Welcome, everybody, and let's get started.
I'm going to ask Dr Bar-Or the first question. Can you give us a short history lesson on BTK inhibitors and how they came to be, and also what makes BTKi[BTK inhibitors] a promising target for relapsing, as well as progressive forms of MS?
Amit Bar-Or, MD, FRCPC: Sure, Dr Oh. The history is pretty interesting. In the early 1950s, Dr Bruton described an 8-year-old boy with recurrent pneumococcal sepsis, and subsequently, in the 1990s, it was discovered that this mutation was in the BTK molecule, downstream of the B cell receptor. This turns out to be the case, the index case of X-linked agammaglobulinemia. This child and others like him had a selective loss of IgG [immunoglobulin G] with intact proteins otherwise in the serum, and this led to the appreciation that BTK is a key molecule downstream of the B cell receptor, which is also necessary in its action for survival of B cell malignancies.
There was a lot of interest in developing agents that could inhibit BTKis. The initial one was pretty nonselective with a lot of off-target effects, and the first more selective, not fully selective, but somewhat more selective one was ibrutinib, which was discovered in 2007 and is approved from several different B cell malignancies, including CLL [chronic lymphocytic leukemia].
The interest in MS in particular is, as we have done in the past, borrowed from the cancer world, and the rationale is that we've appreciated B cells, which is of course very important in terms of relapse biology. The idea here would be with a nondepleting approach to try to impact the capacity of B cells to contribute to MS disease activity, both in the periphery and potentially in the CNS [central nervous system] if these molecules can penetrate. As you pointed out, the other cell type in which BTK plays an important role is the myeloid cell population, which in the periphery includes macrophage and dendritic cells, but in the CNS would also include microglial cells.
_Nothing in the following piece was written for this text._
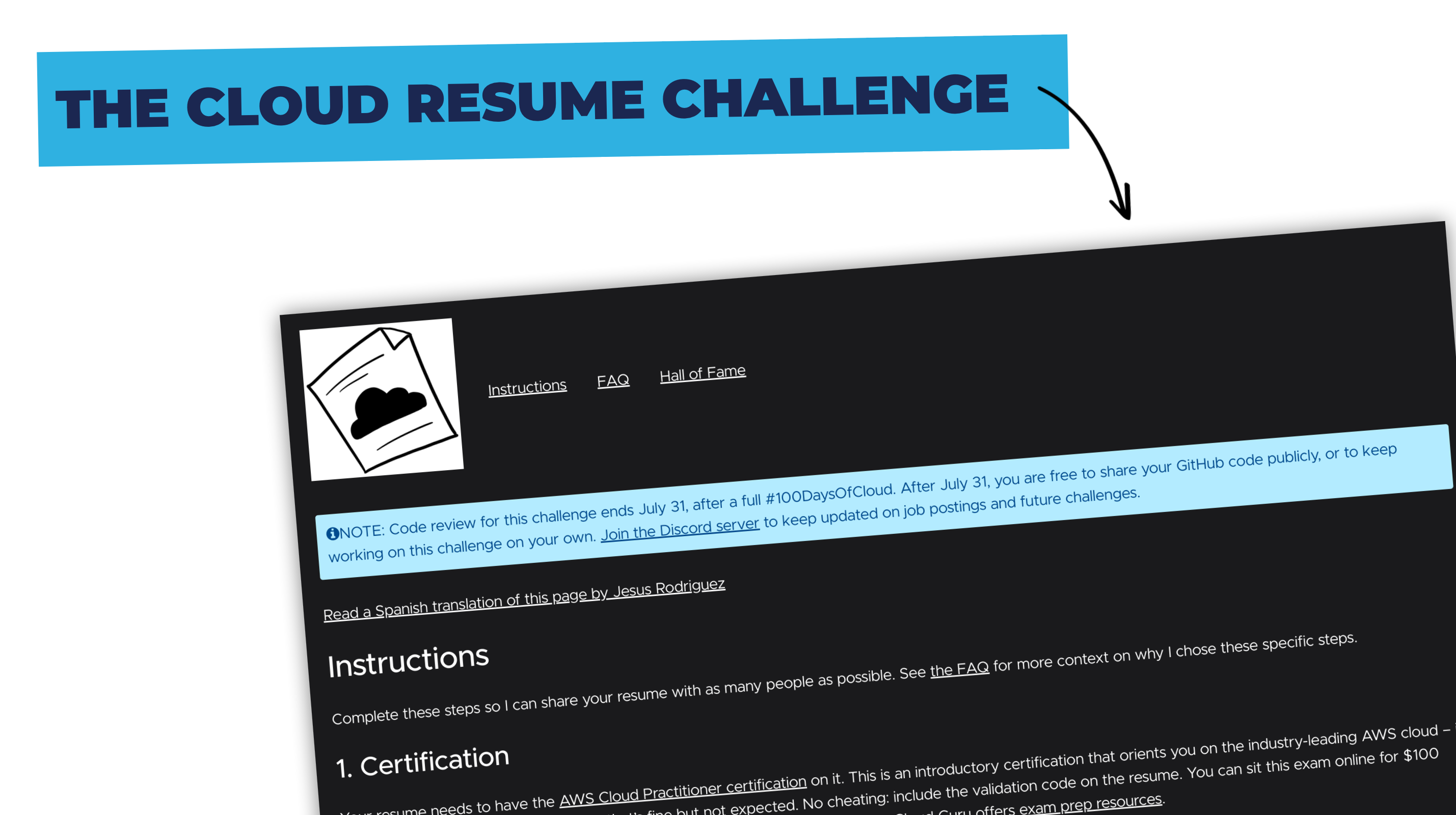 A screenshot of the cloud resume challenge steps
The prospect of BTK inhibition in MS to impact both relapse-related biology in the periphery, as well as CNS compartmentalized inflammation of both infiltrating B cells and macrophage, but also resident microglia.
Jiwon Oh, MD, PhD, FRCPC: Thanks, Dr Bar-Or. Along those lines, Dr Bar-Or did go over some of the processes that BTK inhibitors may help with MS, but how could they potentially address the unmet needs that we currently have clinically?
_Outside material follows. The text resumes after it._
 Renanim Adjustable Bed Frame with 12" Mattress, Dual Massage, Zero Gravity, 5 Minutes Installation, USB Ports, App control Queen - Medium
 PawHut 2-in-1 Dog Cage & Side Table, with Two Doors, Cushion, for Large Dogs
Gavin Giovannoni, MBBCh, PhD, FCP, FRCP, FRCPath: Over the last 10 years, we've realized that suppressing focal inflammatory activity is not sufficient to control MS, so people who are free of relapses in MRI activity often get worse. The process that driveswhat I refer to as small ring MS, often CNS related, and inside the CNS compartment, is a B cell population, and because of the current monoclonal antibody or the antiCD20s don't get in, the advantage is the BTKis will get in and potentially inhibit the CNS B cell compartment.
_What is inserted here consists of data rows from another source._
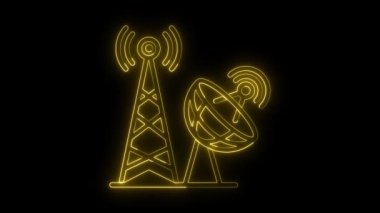 Parlayan neon telekomünikasyon simgesi, kule sinyal sarı renkli animasyon, ağ istasyonu simgesi canlandırması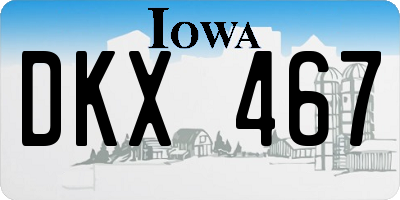 IA license plate DKX467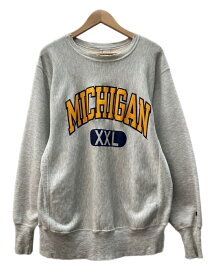 【中古】 チャンピオン Champion 90s Reverse Weave リバース ウィーブ MICHIGAN アーチロゴ カプセル 刺繍タグ トレーナー スウェット 灰 スウェット プリント グレー Lサイズ 104MT-3281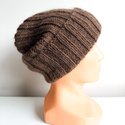 MIRA – czapka beanie handmade merino + moher i jedwab 50/56 jasny beż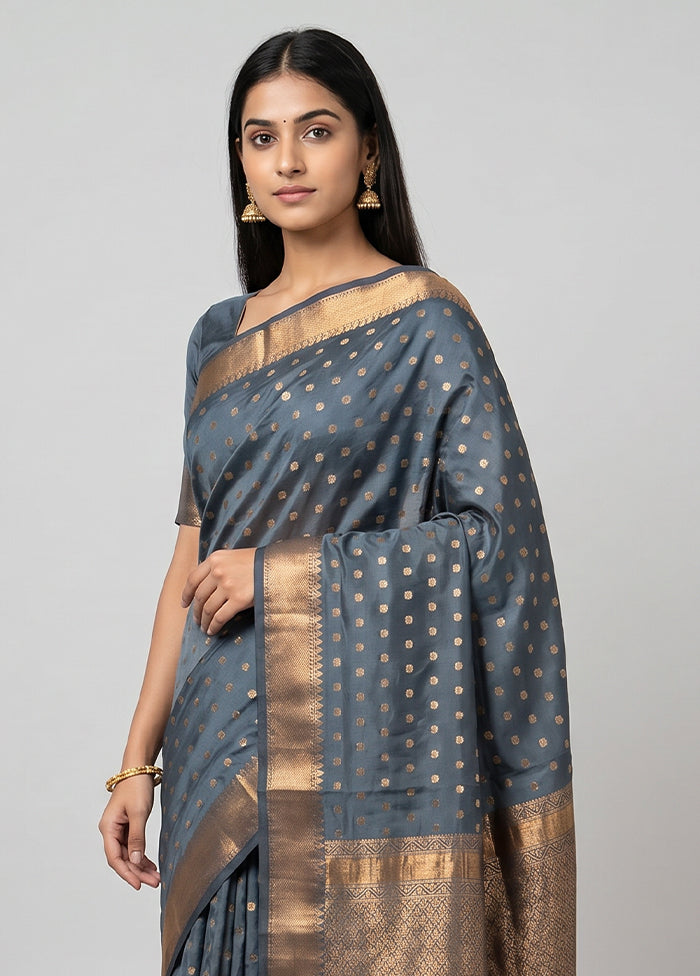Grey Kanjivaram Silk Saree With Blouse Piece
The other one that Dr Bar-Or referred to is the microglial response. We know that microglia in the chronic active lesions may be driving, worsening, be it perivascular rim lesions or slowly expanding lesions, and inhibiting those microglia may actually impact on the small ring pathology. There are 2 potential targets within the central nervous system.
The third one is Epstein-Barr virus [EBV], as you're probably aware; it looks like it plays a role, and it may be persistent infection that's driving it, and latent EBV infection requires BTK, one of the latent membrane protein 2 signals for BTK, and we know that the oncology ones are very potent EBV agents, so this may be another potential mechanism of action as it inhibits EBV infected memory B cells in the latent phase. There are quite a few potential targets at BTK inhibitors addressing, which makes it an interesting class of therapy.
Jiwon Oh, MD, PhD, FRCPC: Thanks Dr Giovannoni. Theoretically, there are some potential avenues by which BTK inhibitors can address some of the unmet clinical needs that we have. This is why they're being evaluated so extensively in the MS field.